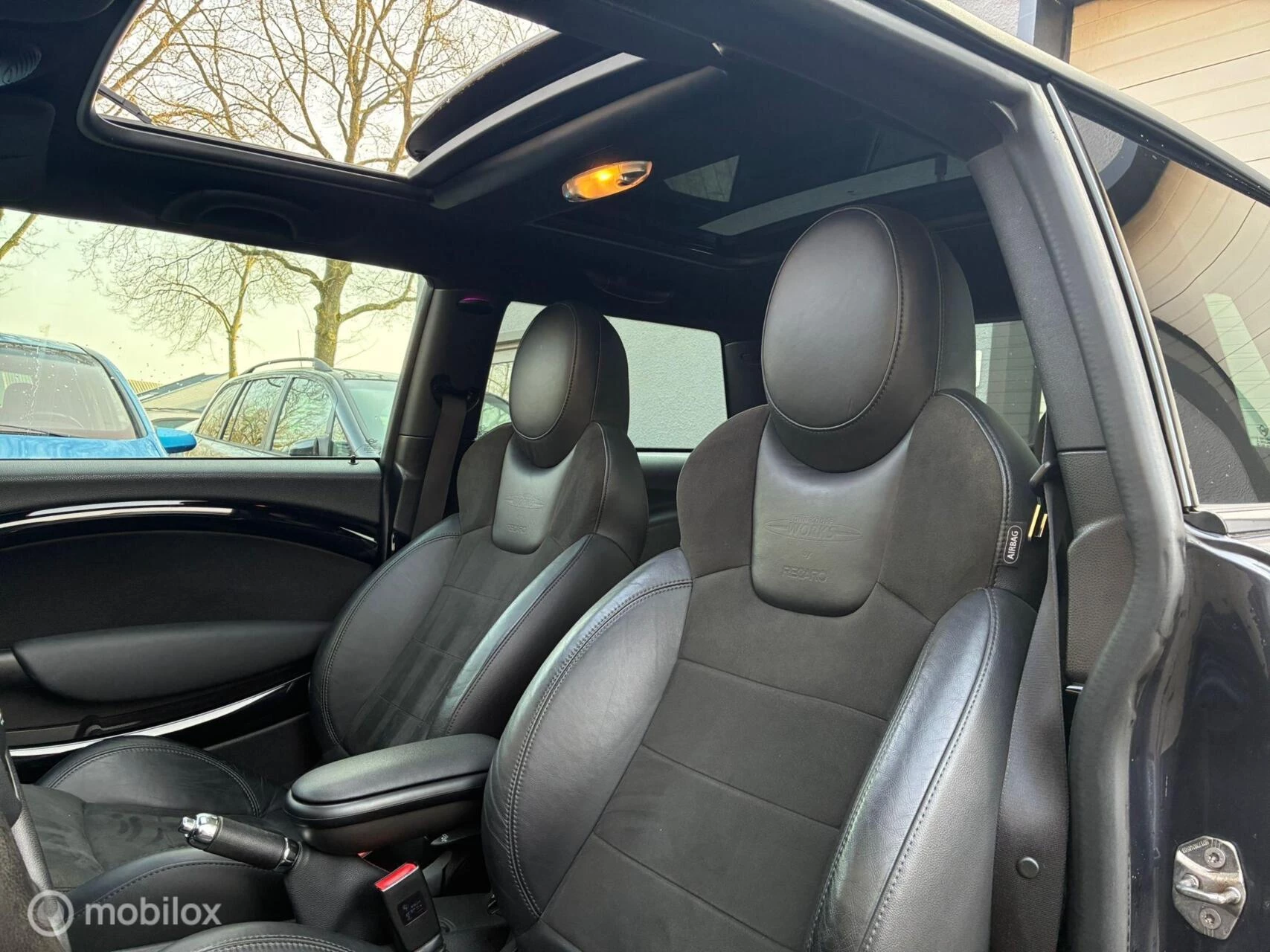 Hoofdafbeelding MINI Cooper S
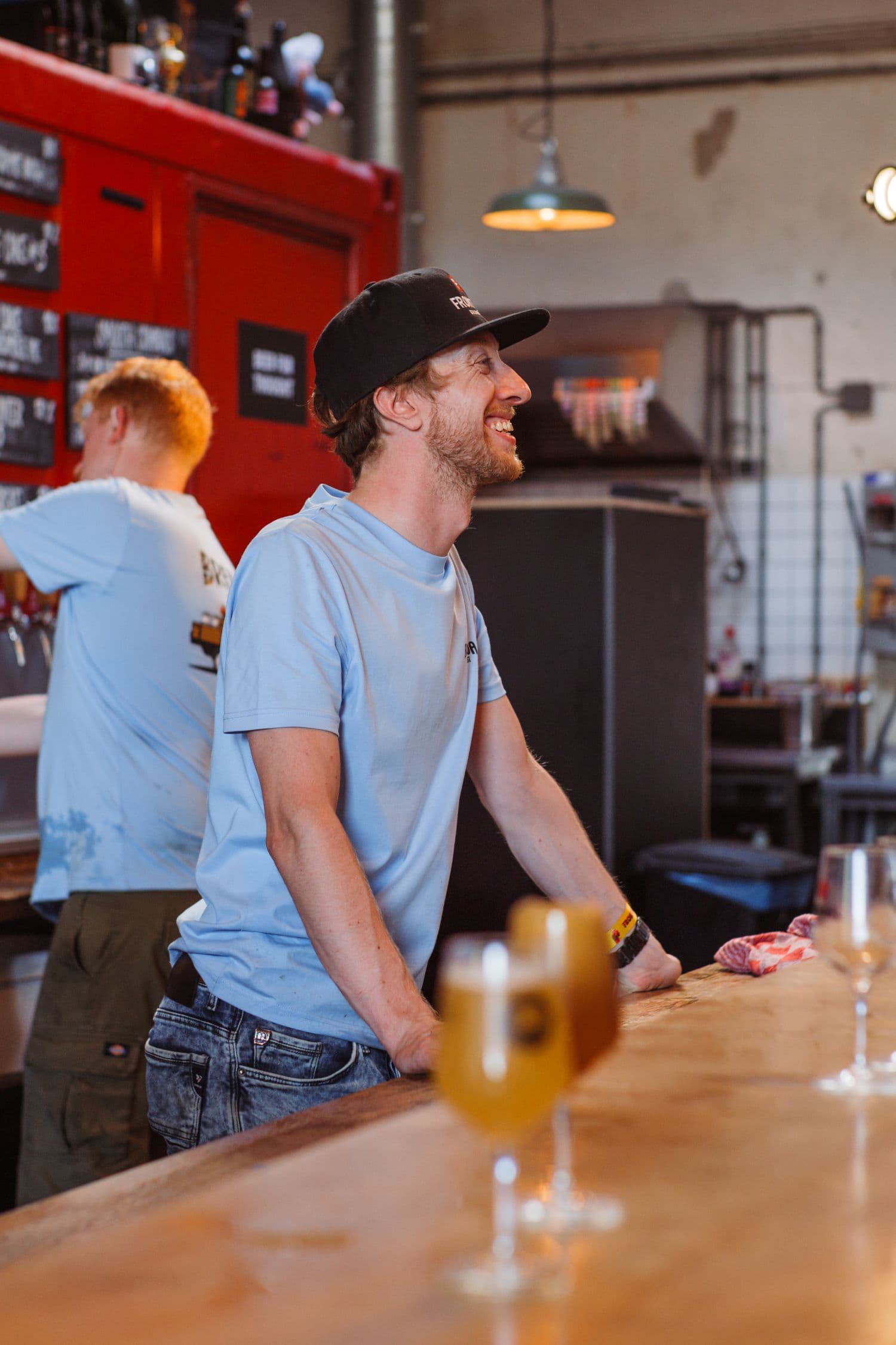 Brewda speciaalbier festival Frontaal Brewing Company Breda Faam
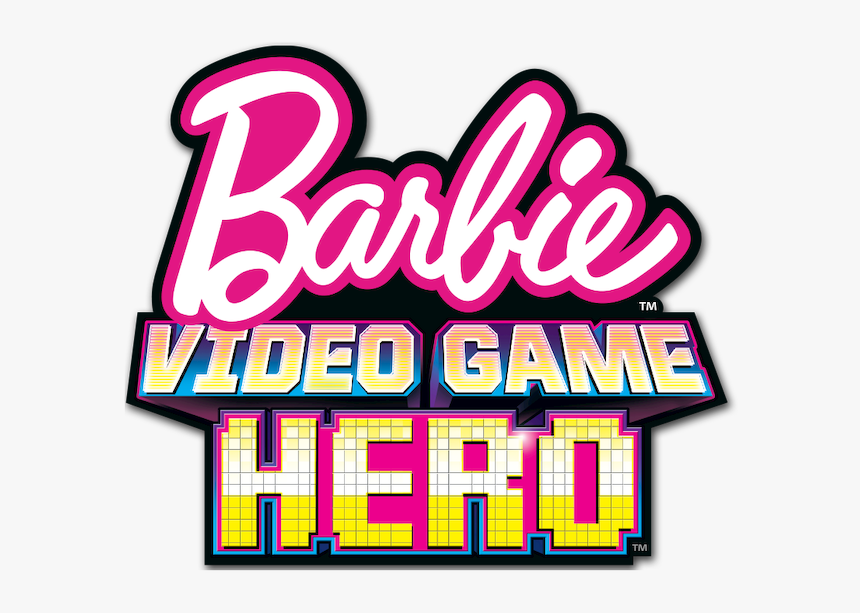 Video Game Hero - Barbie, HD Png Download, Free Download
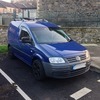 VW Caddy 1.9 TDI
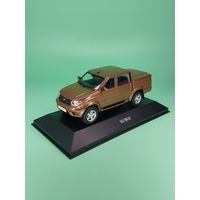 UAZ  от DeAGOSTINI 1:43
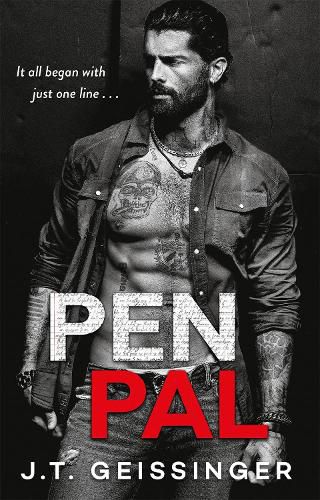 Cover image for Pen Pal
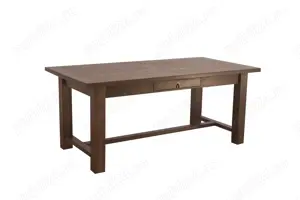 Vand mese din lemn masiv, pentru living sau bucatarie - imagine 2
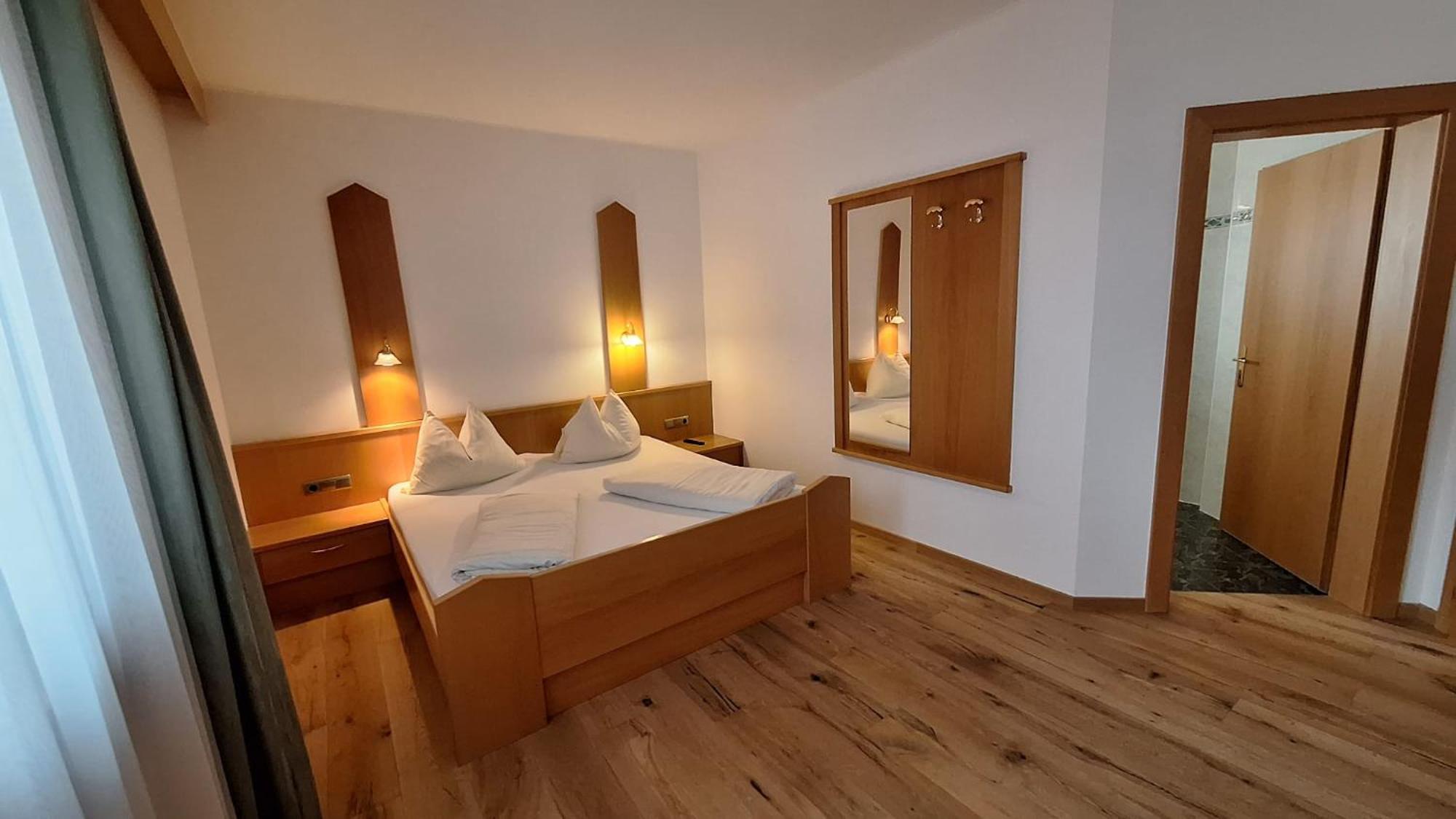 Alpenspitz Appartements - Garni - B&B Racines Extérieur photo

----------------

Copy the listing exactly. Leave the pictures out.

 Hoofdafbeelding MINI Cooper S
 Brewda speciaalbier festival Frontaal Brewing Company Breda Faam
 Video Game Hero - Barbie, HD Png Download, Free Download
 VW Caddy 1.9 TDI
 UAZ  от DeAGOSTINI 1:43
 Cover image for Pen Pal
 Vand mese din lemn masiv, pentru living sau bucatarie - imagine 2
 Alpenspitz Appartements - Garni - B&B Racines Extérieur photo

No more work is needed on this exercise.